Yoshihisa Enomoto1 and Toshio Sekimura2
1Department of Physics, Nagoya Institute of Technology, Gokiso, Nagoya 466, Japan
2College of Engineering, Chubu University, Kasugai, Aichi 487, Japan
(Received May 17, 1996; Accepted August 19, 1996)
Keywords: Lipid Bilayer, Liposome, Shape Problem, Elastic Bending Energy
Abstract. We review recent theoretical understandings of the shape problems of lipid bilayer vesicles. Three simple models are proposed to discuss the shape problems, where lipid bilayer liposomes are regarded as mathematical two-dimensional closed surfaces.

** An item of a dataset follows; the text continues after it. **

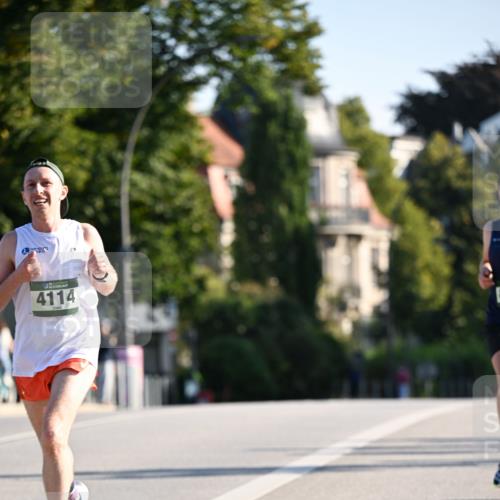 01.09.2024 - BARMER Alsterlauf Dr. Thomas Lammeyer http://msf.ph/oto/6887434 01.09.2024 09:20:08 Laufen 4114 meine-sportfotos.de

These models are based on the elastic bending energy functional, which represents a stored energy associated with curved surfaces and is described in terms of the surface curvature. Such bending energy functional is also revealed to be derived from the different point of view by using an analogy between vesicles and surfactant interfaces of microemulsion. Equilibrium shapes of vesicles are determined by solving the shape equations under proper conditions, which are obtained from the variational principal for the bending energy functional associated with the infinitesimal surface deformations. Based on numerical calculations of the shape equation for the bilayer-couple model, we briefly discuss the shape diagram for axisymmetric vesicle shape. Finally, an importance of hydrodynamical effects on shape fluctuations is pointed out.